RECRUITING THE NEXT GENERATION OF REFORMERS
After 28 years of reform, China faces challenges of an unprecedented scale, complexity, and importance. China has already liberalized its markets, opened up to foreign trade and investment, and become a global economic powerhouse. Now its leaders and people must deal with popular dissatisfaction with local government, environmental degradation, scarce natural resources, an underdeveloped financial system, an inadequate health-care system, a restless rural population, urbanization on a massive scale, and increasing social inequality. Most of these problems, of course, have existed throughout the period of reform. What is different now is that the pace of change is accelerating while the ability of the state to manage that change is not keeping pace.

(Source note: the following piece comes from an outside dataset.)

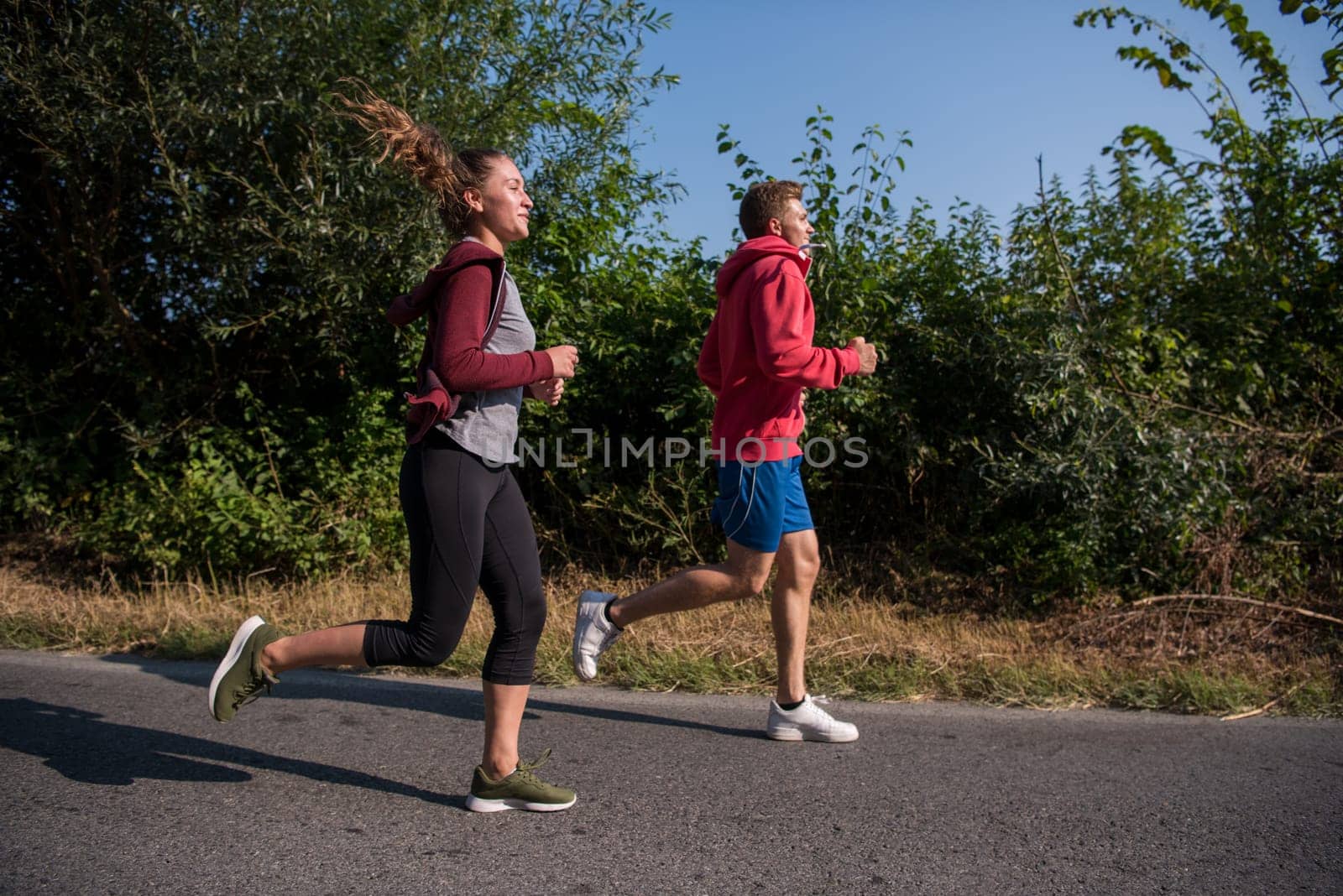 young couple enjoying in a healthy lifestyle while jogging along a country road, exercise and fitness concept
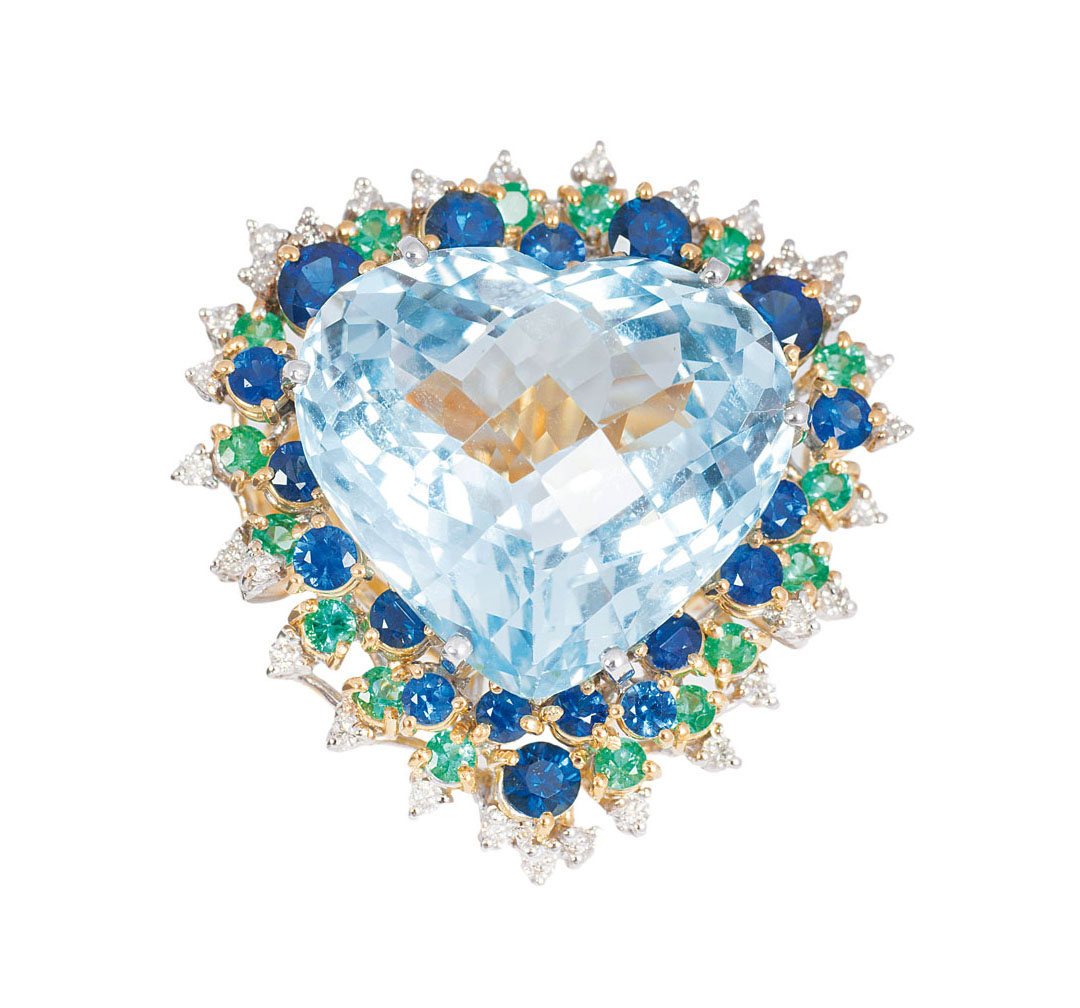 A heartshaped aquamarine sapphire emerald cocktail ring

Solving any one of these problems by itself would be a formidable task. But Beijing must deal with all of them at once. Because China's government is a one-party system with minimal popular participation, success depends on the energy and ideas of its leaders. Yet the Chinese government today finds it harder than ever to attract, develop, and retain talent. Graduates from the country's top universities, who once would have filled government posts, are instead choosing to take jobs in the private sector. Ironically, by creating new opportunities for talented people, China's three decades of reform have made undertaking new reforms more difficult. Moreover, the structure of the country's bureaucracy stifles initiative and promotes mediocrity. Worse, many officials, from the village to the central government, are corrupt, eroding the government's effectiveness and feeding popular discontent with the system.
Of all of China's challenges, none is more critical -- or more daunting -- than that of nurturing a new generation of leaders who are skilled, honest, committed to public service, and accountable to the Chinese people as a whole. Unless China manages to produce such leaders, Beijing will fail to meet the country's challenges, and its public promises of a more prosperous and democratic future will remain unfulfilled.